What the exercise asks =>
Return exactly the span of lines in the following data that opens with the line containing "rdci (фото 1)" and closes with the line containing "470e71127905583c1254e044b0c9c927 Max-Momentum 6-Piece". Include nothing else.

Task data =>
■ ■ ■ ■ ■
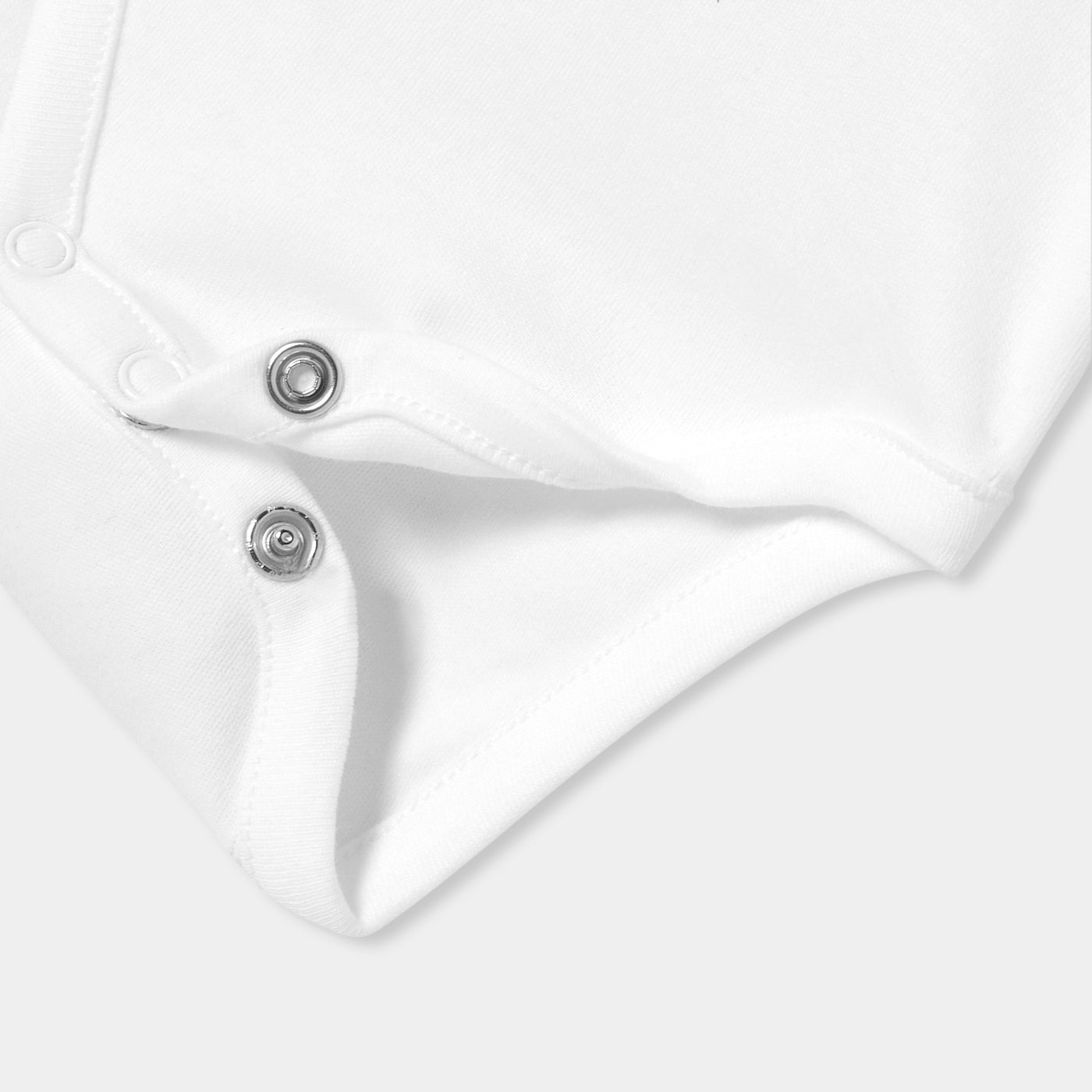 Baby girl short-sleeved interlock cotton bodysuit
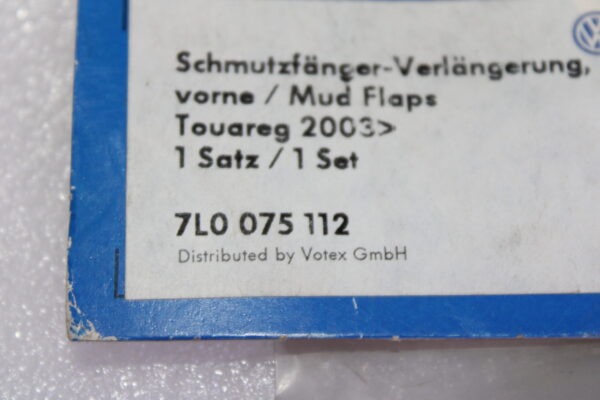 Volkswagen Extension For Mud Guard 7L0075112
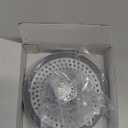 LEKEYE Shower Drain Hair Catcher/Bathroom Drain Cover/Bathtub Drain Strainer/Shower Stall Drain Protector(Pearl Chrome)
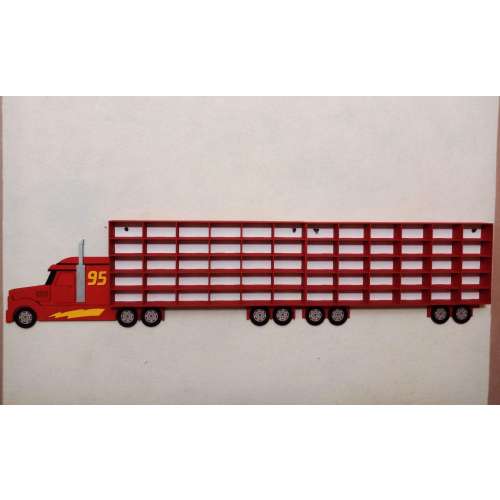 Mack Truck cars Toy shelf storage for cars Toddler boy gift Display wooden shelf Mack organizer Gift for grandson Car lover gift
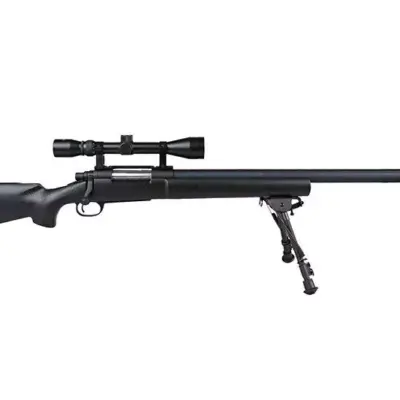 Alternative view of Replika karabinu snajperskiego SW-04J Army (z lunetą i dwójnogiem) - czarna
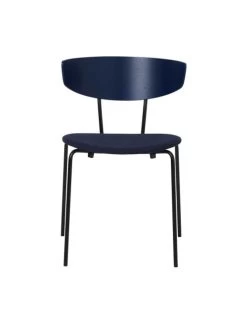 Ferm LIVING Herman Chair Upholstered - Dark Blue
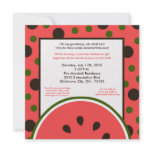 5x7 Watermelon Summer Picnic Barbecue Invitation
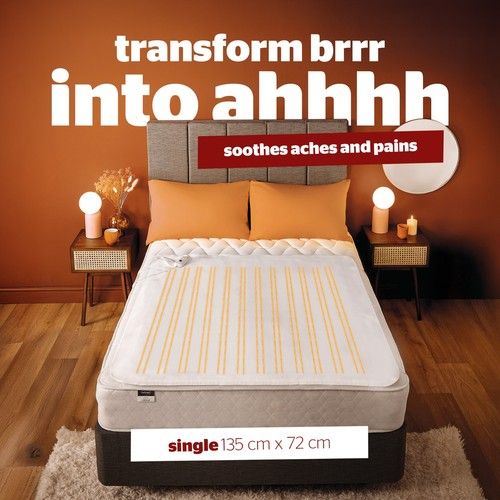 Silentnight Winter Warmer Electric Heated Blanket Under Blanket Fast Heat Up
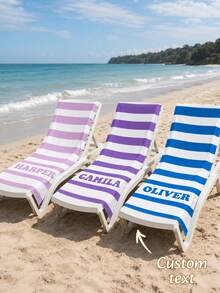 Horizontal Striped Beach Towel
■ ■ ■ ■ ■
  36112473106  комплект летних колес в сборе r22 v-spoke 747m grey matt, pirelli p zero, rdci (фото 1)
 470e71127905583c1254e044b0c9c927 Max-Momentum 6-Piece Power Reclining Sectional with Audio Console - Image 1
■ ■ ■ ■ ■
Solution below =>
  36112473106  комплект летних колес в сборе r22 v-spoke 747m grey matt, pirelli p zero, rdci (фото 1)
 470e71127905583c1254e044b0c9c927 Max-Momentum 6-Piece Power Reclining Sectional with Audio Console - Image 1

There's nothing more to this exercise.